■ TASK DIRECTIONS
An exact transcription of each entry below is required, without any pictures.

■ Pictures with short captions
==========
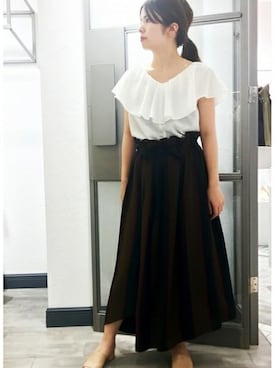 yuriさんのコーディネート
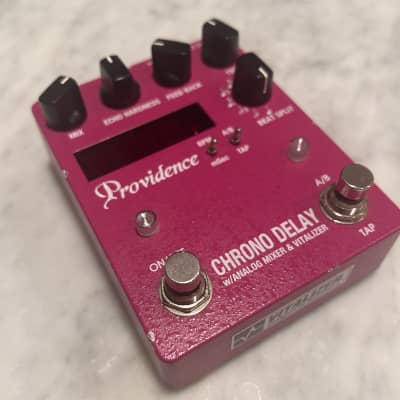 Providence Chrono Delay | Reverb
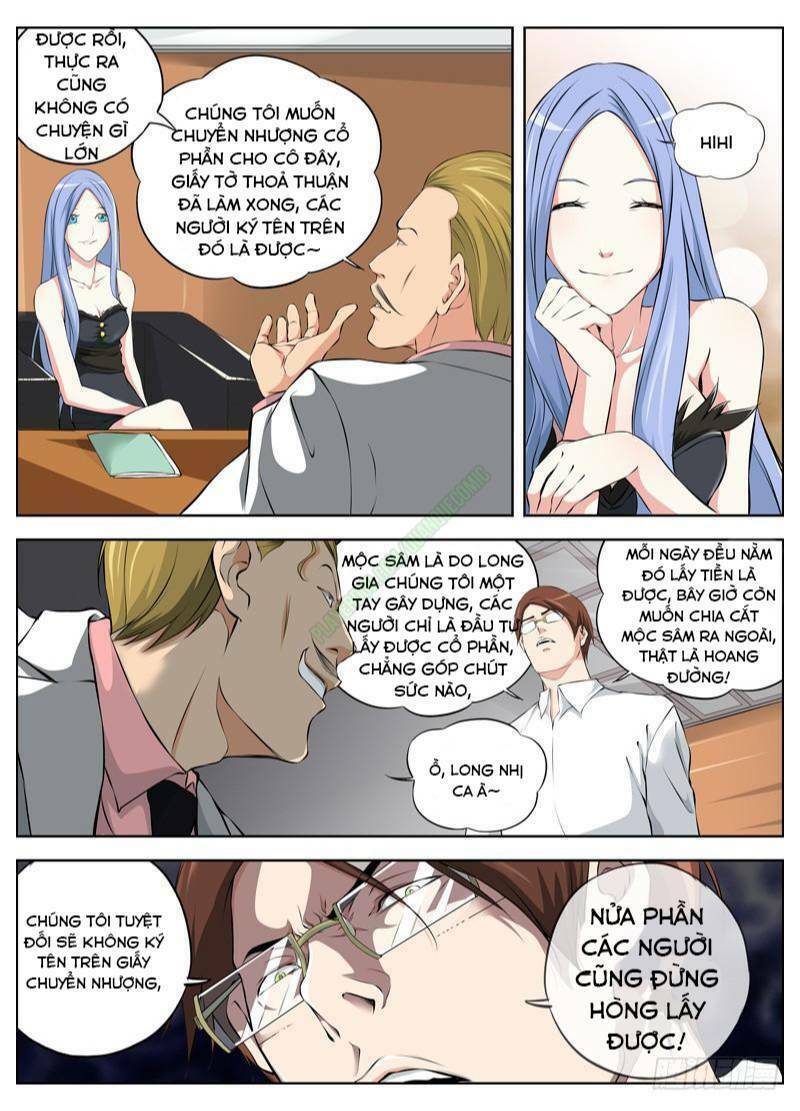 sát thủ bạch linh chapter 48 3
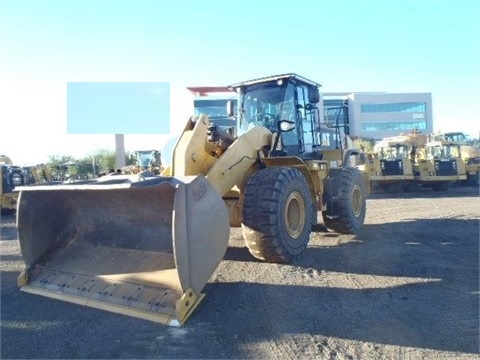 Cargadoras Sobre Ruedas Caterpillar 950K seminueva en venta Ref.: 1421699680212650 No. 3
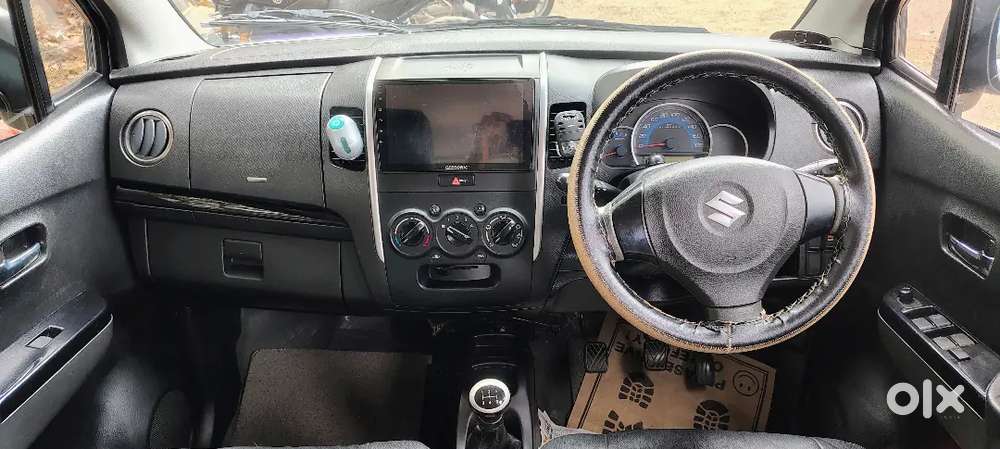 Maruti Suzuki Wagon R 2013
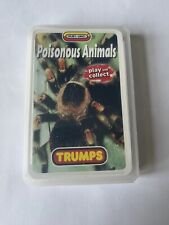 Trumps card game for sale  BEDWORTH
==========
■ COMPLETED TASK
 yuriさんのコーディネート
 Providence Chrono Delay | Reverb
 sát thủ bạch linh chapter 48 3
 Cargadoras Sobre Ruedas Caterpillar 950K seminueva en venta Ref.: 1421699680212650 No. 3
 Maruti Suzuki Wagon R 2013
 Trumps card game for sale  BEDWORTH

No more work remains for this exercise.